Mehr heimische Blumenwiesen für Kleinsttiere und Insekten im Straßenbegleitgrün

Es gibt immer weniger heimische Blumenwiesen und damit auch weniger Kleinsttiere, Insekten und Vögel. München-Liste Stadtrat Dirk Höpner beteiligt sich daher an einem Antrag seiner Fraktion ÖDP/FW, der für den Umbau von Straßenbegleitgrün in Lebensraum sorgen soll. Hier der Antrag im Wortlaut (02.03.2021):

Antrag: Umgestaltung im Straßenbegleitgrün – mehr heimische Blumenwiesen für den Ausbau des städtischen Lebensraumes von Kleinsttieren und Insekten

Die Stadtgärtnerei ersetzt in allen Münchner Stadtbezirken, in Zusammenarbeit/auf Vorschlag des jeweiligen Bezirksausschusses in einem Pilotprojekt zunächst jeweils ca. 10% des Straßenbegleitgrüns gegen heimische Blumenwiesen, um den städtischen Lebensraum von Kleinsttieren und Insekten zu stärken und auszubauen.

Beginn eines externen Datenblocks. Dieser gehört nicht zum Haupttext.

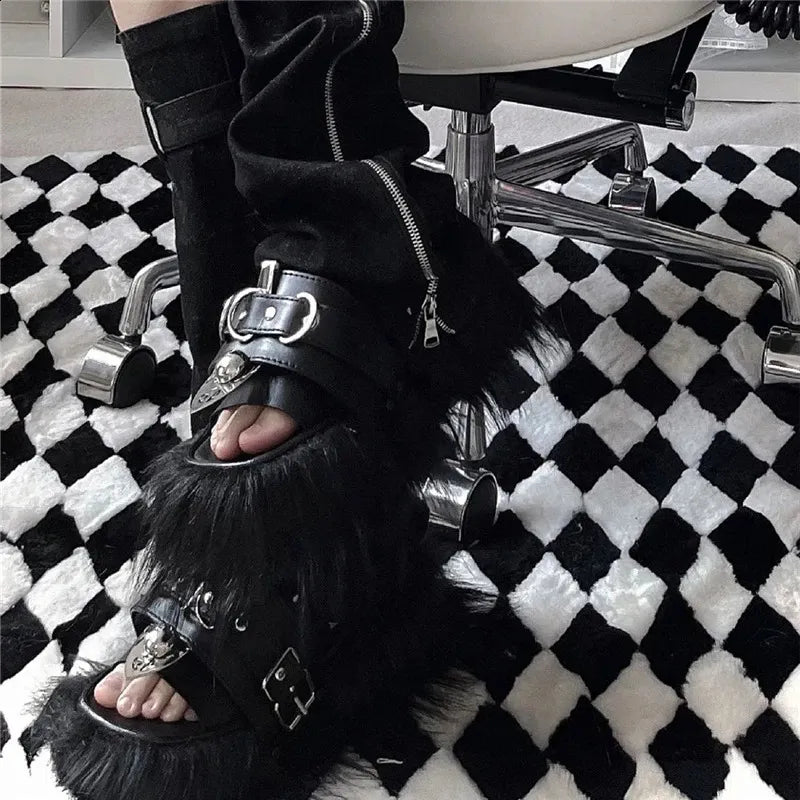 Punk Fur Metal Decor Round Toe Sandals 22823 - TUZZUT Qatar Online Shopping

Die Bezirksausschüsse werden aufgefordert, bis Herbst 2021 aus Ihrer Sicht vor Ort besonders geeignete Anteile des Straßenbegleitgrüns für das Pilotprojekt zu benennen. Die Stadtgärtnerei wählt daraus die aus fachlicher Sicht bestgeeigneten Anteile aus (die angestrebte Flächenmenge liegt dabei in jedem Stadtbezirk bei jeweils ca. 10% der existenten Flächen an Straßenbegleitgrün). Die Umsetzung der Bepflanzungsänderung erfolgt im Winter/Frühjahr 2021/22.

Eine Evaluierung der Pflanzänderungen unter Berücksichtigung der erfolgten Mehrung von Kleinsttieren und Insekten sowie ggf. einerErhöhung von Menge und Artenvielfalt heimischer Vögel erfolgt in 2024 mit dem Ziel, den Anteil an heimischen Blumenwiesen in der Stadt zu Lasten von und/oder ergänzend zu Straßenbegleitgrün weiter deutlich auszuweiten.

Begründung:

Der bedauerliche Rückgang von Kleinsttieren und Insekten sowie der daraus resultierende Rückgang von heimischen Vögeln sowohl in ihrer Artenvielfalt wie auch in ihrer Gesamtzahl besonders in den Städten ist nicht nur sehr bedauerlich, sondern nicht nur erst seit dem Bürgerbegehren „Rettet die Bienen“ auch wissenschaftlich belegt. Wesentliche Ursache ist dabei der andauernde Rückgang an geeigneten Grün-und Pflanzenflächen sowie die teilweise geringe Pflanzenvielfalt auf den wenigen, noch vorhandenen Flächen.

Eine erkleckliche Anzahl an Kommunen, deren Gebiete an die Stadt München angrenzen, haben in den vergangenen Jahren erfolgreich Straßenbegleitgrün in zunehmendem Maße durch heimische Blumenwiesen ersetzt. Im Ergebnis nahmen Art und Mengen an Kleinsttieren und Insekten wie auch heimischen Vogelarten erkennbar zu, die Optik der Straßen während der ganzjährigen Blühphasen wurde insgesamt verbessert und der Pflegeaufwand (nur einmalig, äußerstenfalls zweimalig/Kalenderjahr) konnte beträchtlich reduziert werden.

Insgesamt kann man in allen diesen Fällen von einer so genannten mehrfachen „WIN-Situation“ sprechen, die nach erfolgter Erstinvestition mittelfristig zudem kostensenkend wirkt.